Claim 1 recites the limitation "the selected layer objects" in the second main limitation.  There is insufficient antecedent basis for this limitation in the claim.  To 
Claims 2-10, 20 and 21 are rejected as being dependent upon a rejected base claim.
Claim Rejections - 35 USC § 103
The following is a quotation of 35 U.S.C. 103 which forms the basis for all obviousness rejections set forth in this Office action:
A patent for a claimed invention may not be obtained, notwithstanding that the claimed invention is not identically disclosed as set forth in section 102, if the differences between the claimed invention and the prior art are such that the claimed invention as a whole would have been obvious before the effective filing date of the claimed invention to a person having ordinary skill in the art to which the claimed invention pertains.
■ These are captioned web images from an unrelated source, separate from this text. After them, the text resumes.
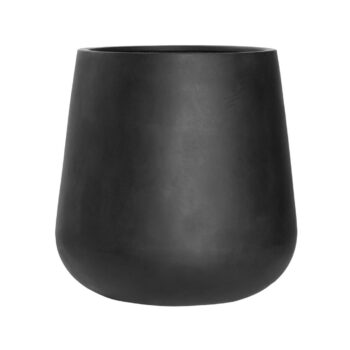 Pax M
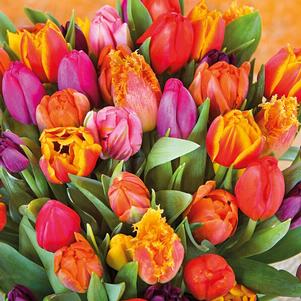 Tulip Medley Funky Fuzion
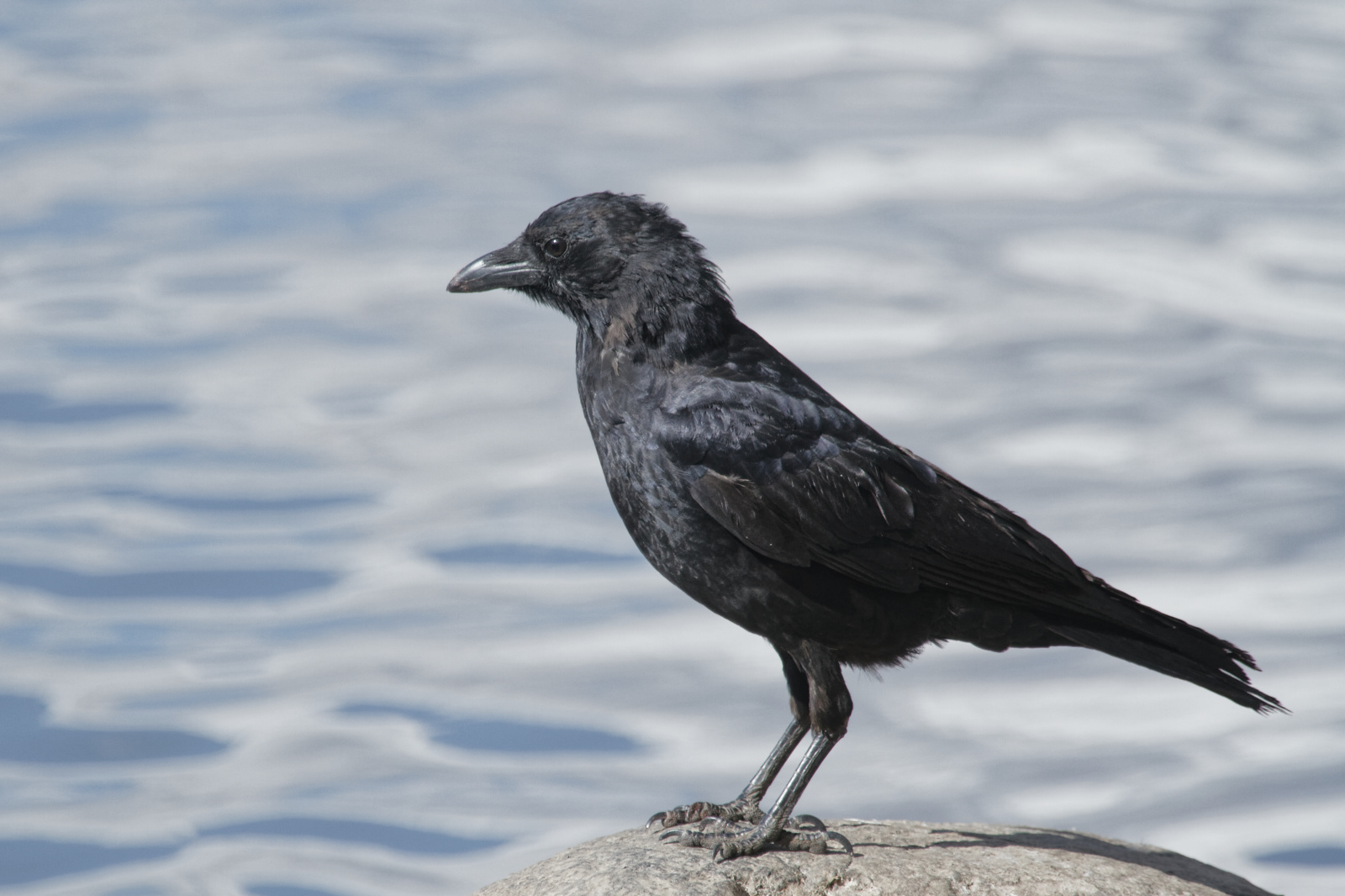 American Crow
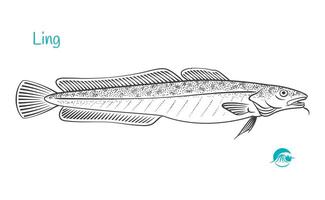 detaljerad hand dragen svart och vit illustration av långa fisk vektor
Patentability shall not be negated by the manner in which the invention was made.

Claims 1, 2, 5, 8-10, 20 and 21 are rejected under 35 USC 103 as being unpatentable over Fused-Layer CNN Accelerators to Alwani et al. (hereinafter Alwani) in view of Tactics to Directly Map CNN Graphs on Embedded FPGAs to Abdelouahab et al. (hereinafter Abdelouahab).
Per claim 1, Alwani discloses a method (Section III-IV and figs. 3-7…method of implementing fused-layer convolutional neural network accelerator) to optimize a neural network computational algorithm (Section 4 and Listing 1-4…CNN accelerator algorithm), wherein the computational algorithm is used to execute neural network calculation (Section I…CNN performs calculations in applications such as computer vision recognition/classification of images) by a computational platform (Section I, VI…CNN layer fusion implemented on Xilinx Virtex-7 FPGA); wherein the computational platform reads data needed by the calculation from off-chip memory (Section II, last paragraph…”In this paper, we demonstrate layer fusion, our technique to minimize the off-chip data movement between layers…our results show that, on an FPGA implementation of the first five convolutional layers of VGGNet-E…we reduce the total data transfer required from 77MB to 3.6MB…at the cost of only 362KB of extra on-chip storage), wherein the method comprises: 
selecting layers which can be fused (Section III-D and fig. 4…fusing groups of layers into ‘pyramids’, i.e., can selectively fuse all layers into one pyramid or fuse two subsets of layers into their own pyramids) at least based on an optimization rule to reduce frequency of data exchange between the computational platform and the off-chip memory (Section V…an exploration tool built to analyze pyramid combinations and how they affect reduced frequency of data exchange between FPGA and off-chip memory, the exploration tool is an optimization based on programmed rules: “a tool for exploring the tradeoffs of fused-layer CNN accelerators designs…analyzes the costs (in terms of added on-chip memory capacity or added arithmetic operations) and benefits (off-chip accesses saved) for all possible pyramids and combinations of pyramids)”); 
fusing at least two adjacent layers in the computational graph according to the selected layer objects (Section III…”This work identifies a key opportunity in restructuring the CNN evaluation by fusing the computation of adjacent layers, largely eliminating the off-chip feature map data transfer”; fig. 4…at least two adjacent layers are selected to be fused into a pyramid, e.g., right side of fig. 4 shows bottom two layers are fused into one pyramid; Section V-B…can select to group various combinations of adjacent layers, “For example, if a network has three layers, we can choose to organize the layers into groups of (1,1,1), (1,2), (2,1), or (3)”), wherein the at least two adjacent layers are at least one of the following:
horizontally adjacent layers having same input of feature maps (fig. 3 shows layers 1 and 2 having same feature maps, layers 1 and 2 construed to be horizontally adjacent layers); and
longitudinally adjacent layers (fig. 4 shows stacked layer representation with the adjacent layers being grouped, construed to be longitudinally adjacent layers), wherein the calculation results of a feature map of previous layer are at least part of input for a next layer (fig. 3 show calculation results of feature maps for layer 1 being used as input in layer 2).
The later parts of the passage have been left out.